Written & Directed: Mari Selvaraj
![]() |
| https://www.imdb.com/title/tt15097358/ |
We have always been told that sports unite people. When Hitler was selling the idea of Aryan supremacy to the world, the Universe tried to shoot him down. It cryptically was telling him that his eugenics was bunkum. A Black American named Jesse James won four gold medals at the 1936 Berlin Olympics to embarrass the Führer.
When apartheid ended, Nelson Mandela believed that rugby and sports were the surest way to reconcile the fractured nation. He hosted the 1995 Rugby World Cup in South Africa. The ‘Springbok’ emblem, once viewed as an oppressive symbol of the white minority, suddenly became a source of national pride and joy.
We are also aware that sports transcend all borders. It is a level playing field that puts aside politics, colour and creed, so they say. Quite early in life, I realised this was not true. If this were true, the world would not have boycotted the 1980 Moscow Olympics. The neutrality of sports went out of the window when the Soviet Union invaded Afghanistan a year earlier.
Increasingly, whenever there is an India-Pakistan cricket match, there is a meltdown. The losing team would claim that the refereeing was biased. It ends up in fistfights or, sometimes, in something more sinister.
In the Malaysian football scene, the governing body found it easier and more cost-effective to import fading professional footballers, give them fake identities and create fake family trees to secure citizenship than to invest in local talent. The disease of favouritism and discrimination in Malaysian sport is not something unheard of. It started with the authorities wanting to cash in on the public craze for football (and badminton, too).
In the 70s, when Malaysia was a football force to be reckoned with, we churned out player after player of high calibre. The players were amateurs, of different ethnicities, whose sole pride was to lay for the nation. When the state began meddling under the guise of advancing sports science, the rot set in. The ugly disease of favouritism and racial preference crept in. By the 1990s, the earlier 1970s teams, with varying ethnicities, came to be represented by a predominantly one race; talent no longer being the determinant for selection, but rather fulfilling politicians' agendas.
During the British Raj, colonial subjects, awed by their master’s gentlemanly game of cricket, began playing it too. Unfortunately, they could only do so amongst themselves. The colonial masters thought that playing with the natives was not acceptable. It ended up with cricket teams formed along racial and religious lines. There were the European clubs for the whites, the Parsis, the Hindus, the Muslims and the rest. The interesting thing about the last group is that it is open to non-white Christians and those from the lower caste. The groups compete in the Pentangular Tournament.

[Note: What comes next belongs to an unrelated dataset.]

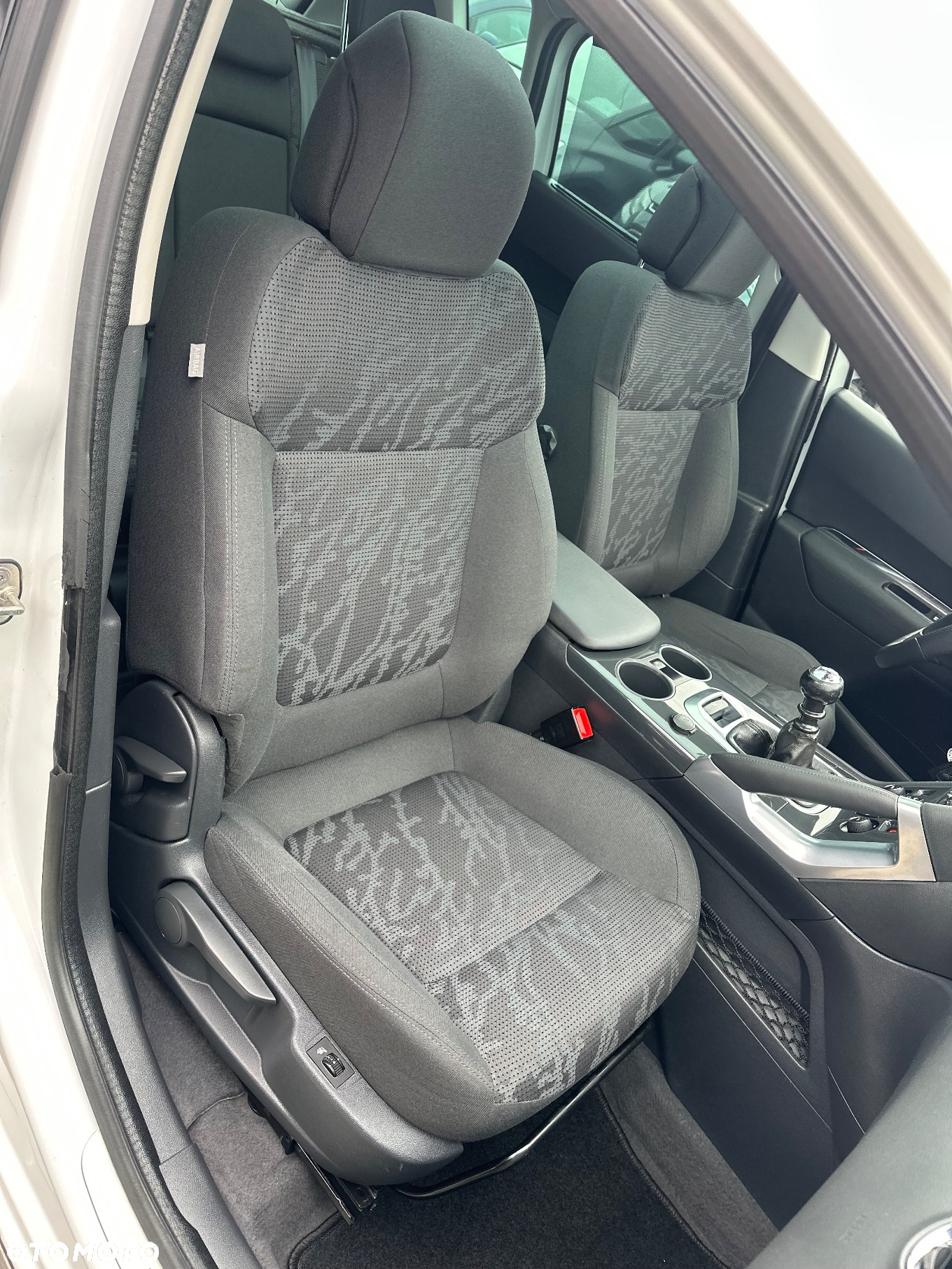 Peugeot 3008 HDi FAP 150 Platinum - 15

In the early 20th century, India had a legendary cricketer named Palwankar Baloo. He is considered the greatest cricketer in Indian history. Playing for the Hindu side, he helped them to defeat the European side. He toured England in 1911 and showed great performances there. Between 1910 and 1920, there was a great campaign to make him India's captain, but the efforts were thwarted by the Dalit caste system.
The movie 'Bison' is a sports drama about a boy from a kabaddi family who is obsessed with becoming a kabaddi player. His father, a former player, knows the hurdles and brickbats he faces to reach the next level. He is hellbent on keeping his son away from the game. Along the way, there are gangsters, clashes and overt discrimination of the boy because of the low caste he is from.
Kabaddi is an ancient Vedic self-defence and survival sport that started in India some 4,000 years ago. It is said that Krishna and Gautama Buddha also played this game in their childhood. Persians were also reported to have played it 2,000 years ago. In the 1936 Berlin Olympics, kabaddi was showcased on the sidelines as an exhibition sport. It has not yet become a regular feature of the Olympics, but it is an event in the Asian Games.